▶ **What is needed**: Answer with the exact lines of the following material from the one containing "Shillinghill Portsoy. by Gilbert Smith" through the one containing "Wifi bridge internet", both end lines included.

▶ **Record extracts**:

[Start of Attachment]

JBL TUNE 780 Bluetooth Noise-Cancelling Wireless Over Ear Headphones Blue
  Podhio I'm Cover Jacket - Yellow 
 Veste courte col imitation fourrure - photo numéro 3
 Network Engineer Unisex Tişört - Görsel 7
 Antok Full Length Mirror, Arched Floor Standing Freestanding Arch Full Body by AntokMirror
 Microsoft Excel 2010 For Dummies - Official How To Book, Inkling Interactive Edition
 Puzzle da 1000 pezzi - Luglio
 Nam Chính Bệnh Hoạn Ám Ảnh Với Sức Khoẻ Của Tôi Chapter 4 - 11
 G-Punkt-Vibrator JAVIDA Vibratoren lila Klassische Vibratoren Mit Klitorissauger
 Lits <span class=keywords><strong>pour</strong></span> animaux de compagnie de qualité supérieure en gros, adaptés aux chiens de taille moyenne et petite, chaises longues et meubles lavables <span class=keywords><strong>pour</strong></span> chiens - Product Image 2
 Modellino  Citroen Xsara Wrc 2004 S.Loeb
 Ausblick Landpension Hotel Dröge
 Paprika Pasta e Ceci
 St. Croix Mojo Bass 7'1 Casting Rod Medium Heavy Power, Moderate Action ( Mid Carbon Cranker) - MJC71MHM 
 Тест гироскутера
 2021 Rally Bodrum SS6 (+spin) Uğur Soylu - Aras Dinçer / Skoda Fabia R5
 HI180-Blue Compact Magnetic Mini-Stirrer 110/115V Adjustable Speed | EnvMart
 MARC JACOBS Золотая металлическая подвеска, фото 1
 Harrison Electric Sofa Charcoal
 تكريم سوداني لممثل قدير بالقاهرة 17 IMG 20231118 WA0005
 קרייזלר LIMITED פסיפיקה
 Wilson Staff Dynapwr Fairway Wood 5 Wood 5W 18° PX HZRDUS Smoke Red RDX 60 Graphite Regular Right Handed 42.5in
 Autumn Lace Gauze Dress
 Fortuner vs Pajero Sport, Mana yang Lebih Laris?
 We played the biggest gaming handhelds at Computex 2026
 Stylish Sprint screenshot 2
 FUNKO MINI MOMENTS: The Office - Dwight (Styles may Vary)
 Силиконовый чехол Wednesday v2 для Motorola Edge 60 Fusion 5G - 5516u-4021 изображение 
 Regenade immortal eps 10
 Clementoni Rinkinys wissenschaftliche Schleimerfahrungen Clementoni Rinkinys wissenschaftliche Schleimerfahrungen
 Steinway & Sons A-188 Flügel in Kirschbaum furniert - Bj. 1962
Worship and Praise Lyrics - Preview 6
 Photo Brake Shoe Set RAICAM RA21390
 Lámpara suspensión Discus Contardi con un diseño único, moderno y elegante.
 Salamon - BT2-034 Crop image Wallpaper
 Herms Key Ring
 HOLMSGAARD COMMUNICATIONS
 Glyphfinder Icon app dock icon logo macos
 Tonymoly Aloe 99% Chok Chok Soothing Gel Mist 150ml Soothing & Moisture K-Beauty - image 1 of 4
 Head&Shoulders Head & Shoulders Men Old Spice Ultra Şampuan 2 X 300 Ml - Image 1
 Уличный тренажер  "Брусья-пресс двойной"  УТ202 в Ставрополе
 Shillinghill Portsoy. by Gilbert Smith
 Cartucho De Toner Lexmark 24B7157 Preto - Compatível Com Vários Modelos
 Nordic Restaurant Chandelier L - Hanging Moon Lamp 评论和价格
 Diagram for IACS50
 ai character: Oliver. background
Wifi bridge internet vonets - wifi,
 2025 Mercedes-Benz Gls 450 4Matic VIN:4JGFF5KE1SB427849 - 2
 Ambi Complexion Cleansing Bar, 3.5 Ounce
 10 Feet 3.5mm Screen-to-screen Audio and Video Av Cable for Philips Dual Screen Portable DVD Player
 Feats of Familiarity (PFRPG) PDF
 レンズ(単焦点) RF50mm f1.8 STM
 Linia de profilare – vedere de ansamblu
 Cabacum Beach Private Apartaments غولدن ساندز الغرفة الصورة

[End of Attachment]

▶ **Problem solution**:
 Shillinghill Portsoy. by Gilbert Smith
 Cartucho De Toner Lexmark 24B7157 Preto - Compatível Com Vários Modelos
 Nordic Restaurant Chandelier L - Hanging Moon Lamp 评论和价格
 Diagram for IACS50
 ai character: Oliver. background
Wifi bridge internet vonets - wifi,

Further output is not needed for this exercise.